Rodney Berget Wants To End Appeal
Convicted killer Rodney Berget says he wants to stop an appeal that’s preventing him from being put to death, but his attorney can't support the move. The issues are enough to delay major action in Rodney Berget’s case for a few months.
Rodney Berget was in a Minnehaha County courtroom Friday. He wants to end his execution appeal.
Judge Douglas Hoffman asked if he understood that waiving his rights is a path to execution. Berget responded "yes".
That wasn’t enough for the judge to authorize a path to execution that day.
Berget’s lawyer Eric Shulte says he wants to complete an investigation to determine Berget’s intellectual stability in case he has a disability. Berget told the judge he disagrees with his attorney. He told the judge about his lawyers, "They can do what they want... His beliefs are his beliefs. I'm not gonna tell him the way he should feel or not to say those words."

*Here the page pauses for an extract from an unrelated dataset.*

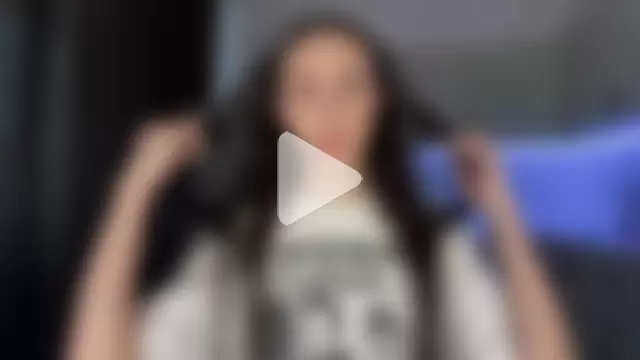 Kim_Oberlin_ photo 22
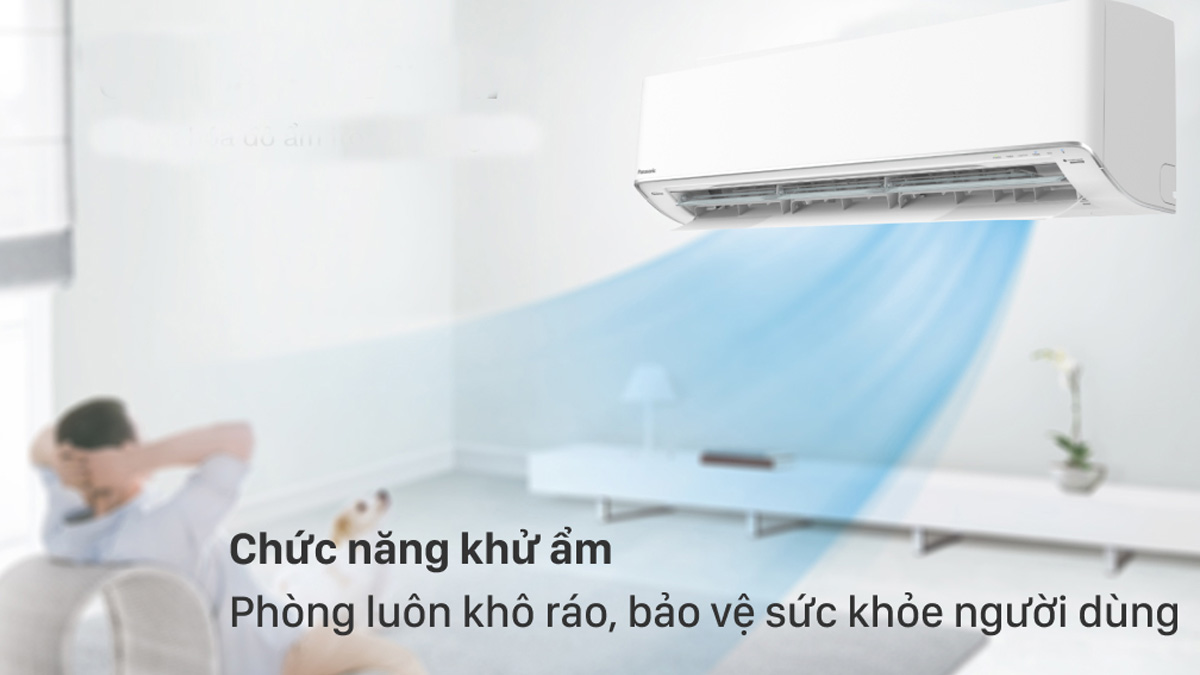 chuc-nang-khu-am-cua-cu_cs-xu24xkh-8-giu-cho-phong-luon-kho-thoang Chức năng khử ẩm của CU/CS-XU24XKH-8 giữ cho phòng luôn khô thoáng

South Dakota Attorney General Marty Jackley says Berget has the right to make his own decisions and no evidence exists that Berget is intellectually unfit.
"As I indicated in open court, I disagreed with some of his positions, but I certainly respect those positions," Jackley says. "And that’s part of what’s going to happen in the next 60 to 90 days is how this proceeds from there and what the court’s rulings are on a defense attorney’s obligations."
The judge says wants a status hearing in 60 to 90 days, which gives both sides the opportunity to file paperwork. Then he can decide if he should lift the stay of execution so the state can request a warrant for Berget’s death.
Rodney Berget was an inmate in 2011 when he and another man, Eric Robert, tried to break out of prison. They killed a correctional officer. Robert and Berget were tried and sentenced separately, but their actions were similar in the beginning.
"That they had attempted an escape and had killed senior correction officer RJ Johnson, that they felt that they were moving forward to having a voluntary execution, that at sentencing that certainly was the route that Robert went and that there was a stronger defense put up, so to speak, in the Berget sentencing – almost a change of course," Jackley says. "And I think what we heard today and what we’ve seen in some of the letters and some of the references by the court is that this proceeding has now put us back on the course that we saw at the original Berget plea hearing."
Jackley says letters from Berget contain some reasoning for the decision, but he can’t talk about them right now because those documents are sealed.
Eric Robert died by lethal injection in October 2012.